→ **ASSIGNED TASK**:
Would you retype the entries from the first line to the line bearing "#bollywood #song #love", both included, leaving out every picture?

→ **DATA SUPPLIED**:
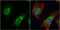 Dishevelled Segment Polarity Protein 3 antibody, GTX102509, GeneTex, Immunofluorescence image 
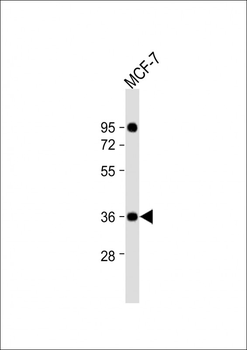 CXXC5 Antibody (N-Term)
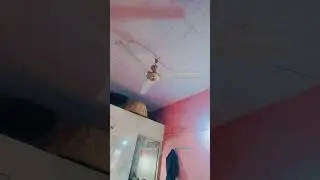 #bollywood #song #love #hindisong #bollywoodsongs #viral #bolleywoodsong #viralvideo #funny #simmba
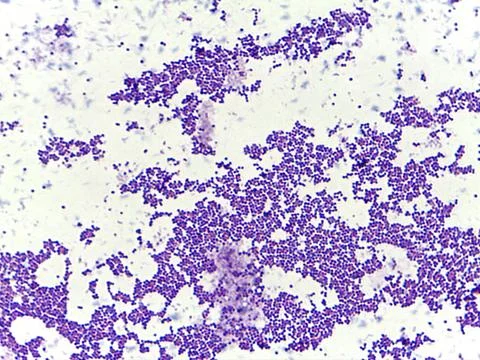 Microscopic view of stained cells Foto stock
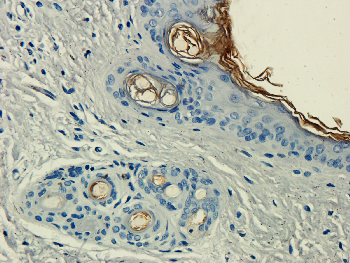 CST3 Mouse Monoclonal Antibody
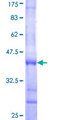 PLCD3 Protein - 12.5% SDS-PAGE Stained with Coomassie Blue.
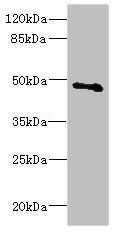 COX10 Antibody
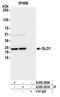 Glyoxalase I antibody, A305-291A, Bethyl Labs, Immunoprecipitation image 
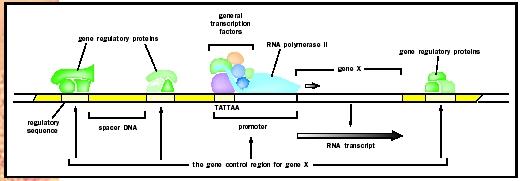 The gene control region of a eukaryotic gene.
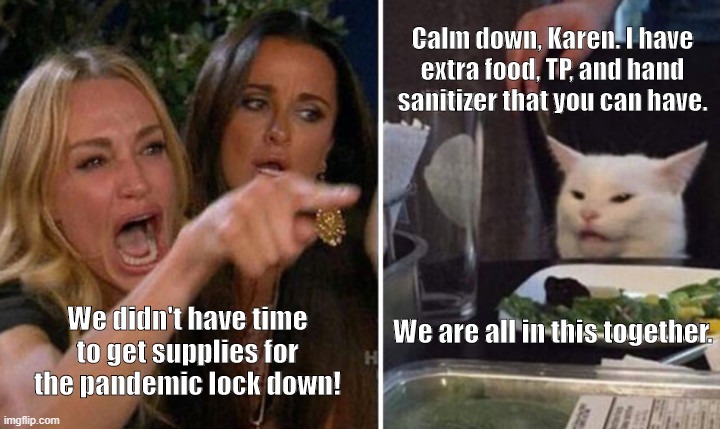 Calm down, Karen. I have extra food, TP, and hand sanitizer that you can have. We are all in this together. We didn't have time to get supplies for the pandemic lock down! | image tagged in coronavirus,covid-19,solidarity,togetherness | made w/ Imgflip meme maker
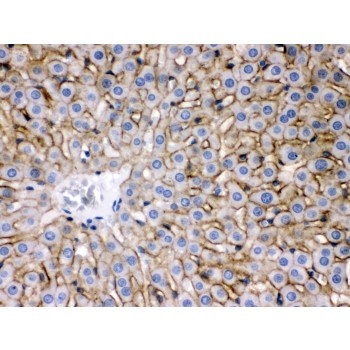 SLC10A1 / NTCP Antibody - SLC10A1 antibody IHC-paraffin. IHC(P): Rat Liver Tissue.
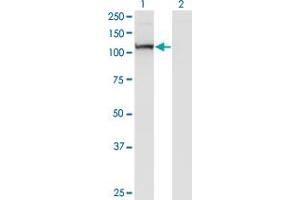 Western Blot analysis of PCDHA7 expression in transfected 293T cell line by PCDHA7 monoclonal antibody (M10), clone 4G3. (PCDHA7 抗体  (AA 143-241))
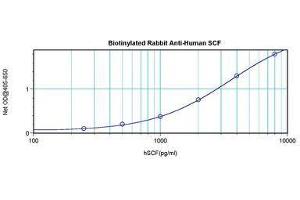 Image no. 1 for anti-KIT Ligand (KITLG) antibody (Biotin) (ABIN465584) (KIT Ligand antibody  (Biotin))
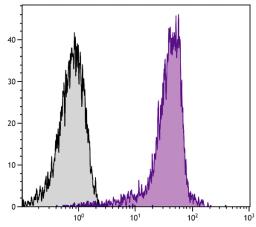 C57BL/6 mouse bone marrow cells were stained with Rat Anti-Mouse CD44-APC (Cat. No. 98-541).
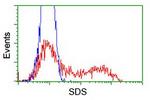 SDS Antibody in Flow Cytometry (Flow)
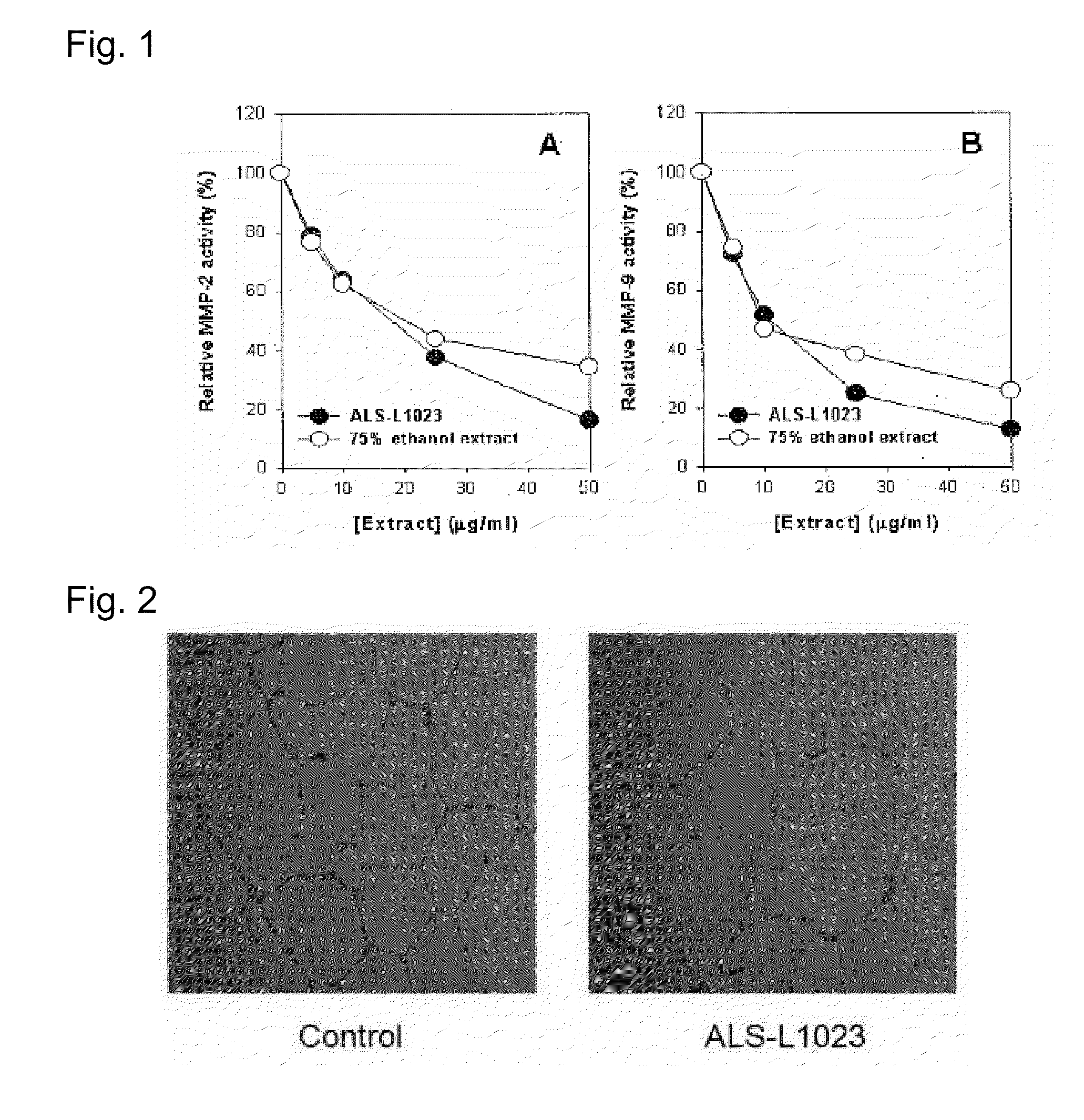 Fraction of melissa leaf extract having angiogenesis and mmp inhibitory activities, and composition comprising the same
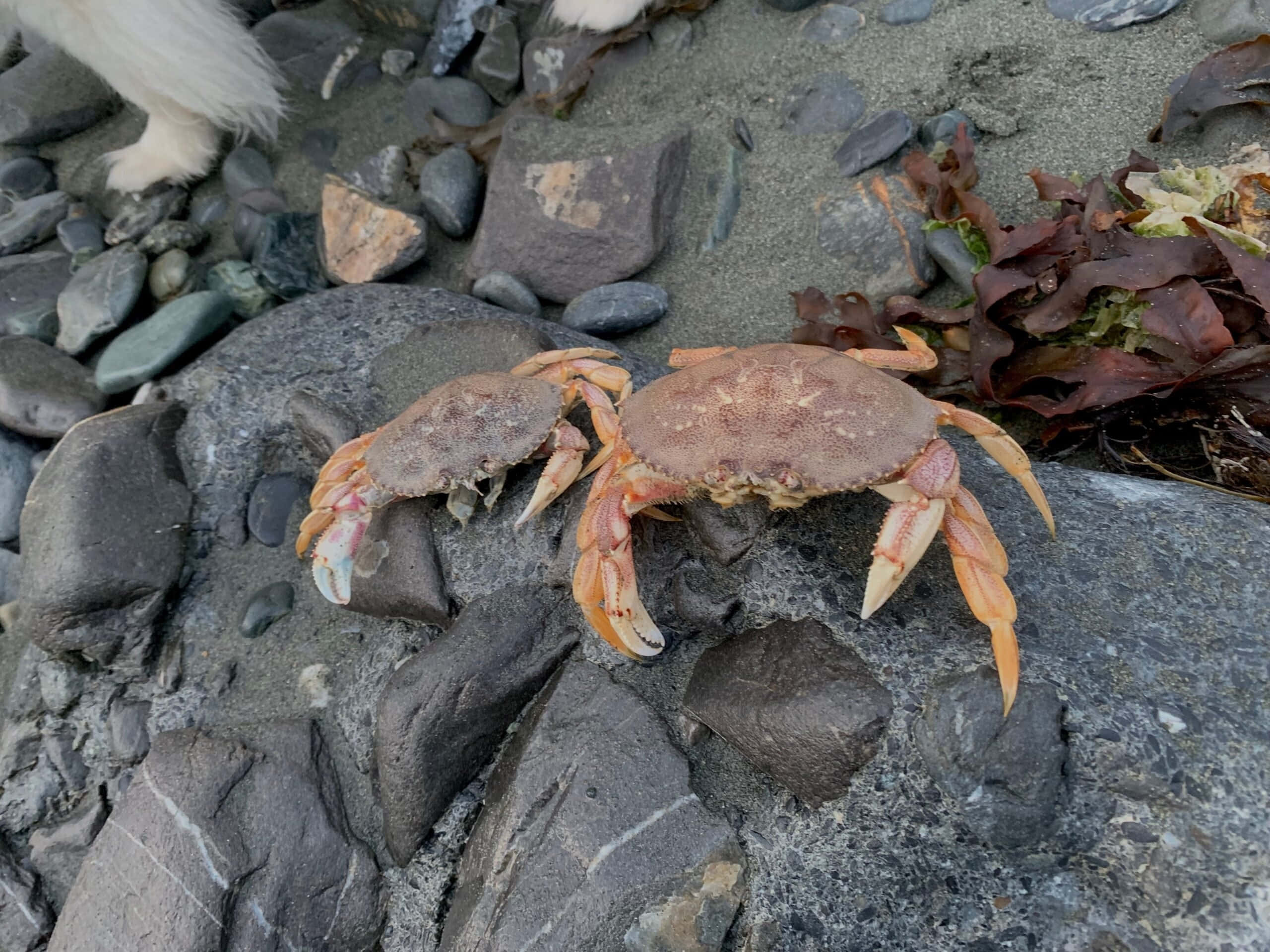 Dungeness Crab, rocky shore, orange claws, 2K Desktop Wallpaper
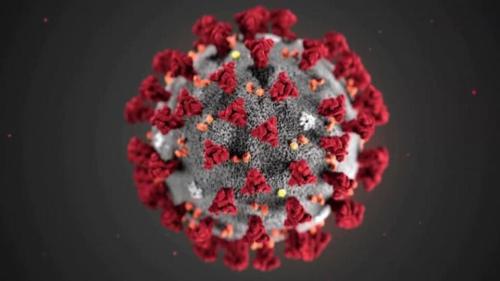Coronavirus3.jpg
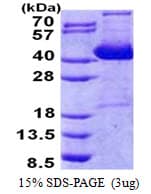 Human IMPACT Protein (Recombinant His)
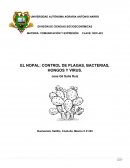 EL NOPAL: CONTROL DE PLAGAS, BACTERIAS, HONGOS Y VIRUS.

→ **RESULT OF THE TASK**:
 Dishevelled Segment Polarity Protein 3 antibody, GTX102509, GeneTex, Immunofluorescence image 
 CXXC5 Antibody (N-Term)
 #bollywood #song #love #hindisong #bollywoodsongs #viral #bolleywoodsong #viralvideo #funny #simmba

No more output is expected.